Insomma, la narrativa in base alla quale Mosca avrebbe isolato se stessa dal mondo con la decisione di attaccare l’Ucraina, di fatto cozza con la realtà. E con le richieste di nuovi ingressi. E non di due due Paesi di poco conto. L’Argentina andrebbe infatti ad affiancarsi al Brasile, creando una sorta di spina dorsale alternativa all’egemonia Usa in America Latina. Mentre l’Iran, al netto delle sanzioni, porterebbe in dote uno status di bene rifugio geopolitico enorme, non fosse altro per la posizione strategica e per il ruolo chiave nei processi energetici e nucleari globali. Insomma, evitare di menzionare l’accaduto, può spiegarsi unicamente con due alternative, Scarso fiuto per le notizie o scelta strategica, quest’ultima al fine di nascondere sotto al tappeto un nuovo ordine di equilibri globali che nasce. E cresce.
D’altronde, il default russo non ha funzionato granché a livello mediatico. Certo, il fatto che il mercato non se ne sia nemmeno accorto ha giocato la sua parte ma che qualcosa cominci a scricchiolare lo dimostra la decisione di Moody’s di intervenire per confermare l’avvenuto evento di credito. Trattandosi della medesima agenzia di rating che, proprio in ossequio alle sanzioni, aveva annunciato lo stop a ogni rilevazione sulla solvibilità di Mosca, appare sospetta questa decisione di interrompere ad hoc lo sciopero delle analisi. E l’uscita ben poco provvida di Mario Draghi nel corso della conferenza stampa finale del G7, quel chiudere la porta alla presenza fisica di Vladimir Putin al G20 in Indonesia, cui il Cremlino ha risposta in maniera diretta e durissima (Non decide Draghi se Putin andrà o meno), dovrebbe farci riflettere sul grado di esposizione ostile che il nostro Paese sta assumendo verso un intero blocco economico-politico. E non solo contro il Cremlino. Nessuno fra gli altri leader, infatti, ha messo toccato l’argomento, da cui ci dividono infatti altri cinque mesi. Con le riserve di gas al 55%, almeno stando a fonti di governo, un azzardo enorme in vista dell’autunno.

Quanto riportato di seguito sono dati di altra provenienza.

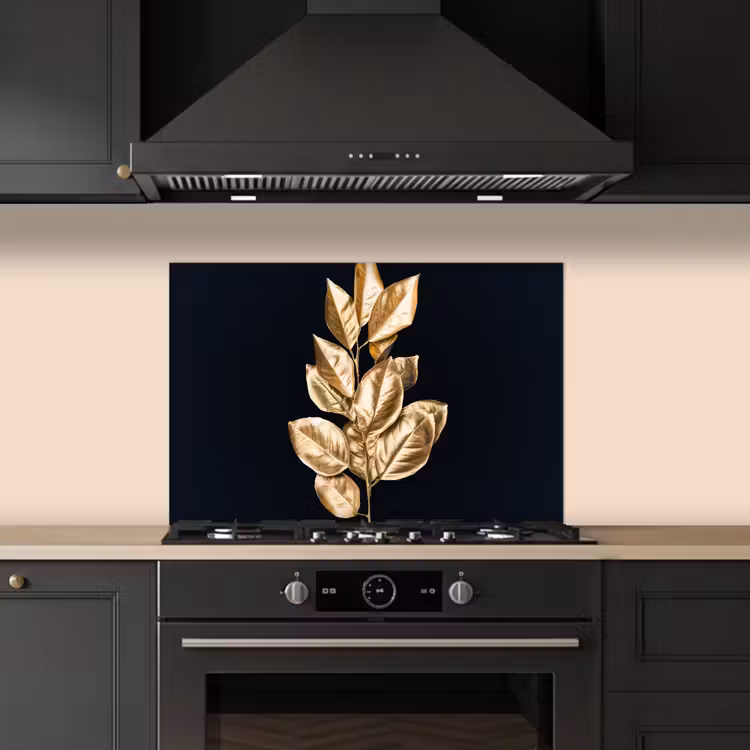 Spatscherm keuken - Plant - Bladeren - Goud - Zwart - Luxe — 5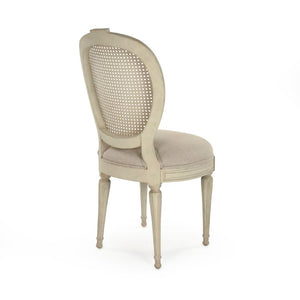 Zentique Aimee Solid Birch Side Chair with Linen Upholstery — Scandinavian Comfort, Ergonomic Support, Durable Design LI-SH14-22-87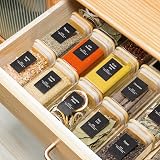ComSaf 12 Glass Spice Jars 240ml with Bamboo Lids & Labels Airtight view 7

Infine, una conferma ulteriore del valore strategico da quanto sta avvenendo sottotraccia è arrivata da Basilea, sede della banca per i Regolamenti Internazionali. Ovvero, la Banca centrale delle Banche centrali. La quale ha dato via libera e annunciato l’accordo per un liquidity pool con la Banca centrale cinese denominato in renminbi, di fatto uno strumento che agirà da stimulus backstop per i Paesi dell’area asiatica. Finora, una simile facility di liquidità era garantita dalla BIS solo in dollari e il timing scelto in Svizzera sembra confermare la presa d’atto del nuovo ordine ormai consolidato. Con l’Occidente e il suo sistema finanziario impegnato in un regime sanzionatorio senza precedente, un tale strumento - alla luce dell’appoggio incondizionato di Pechino per Mosca - si configura da subito come alternativa allo SWIFT per il sistema russo. Perché la BIS apre in questo modo a Pechino, strategia o presa d’atto? Forse solo perché, a differenza dei media italiani, sa leggere la realtà.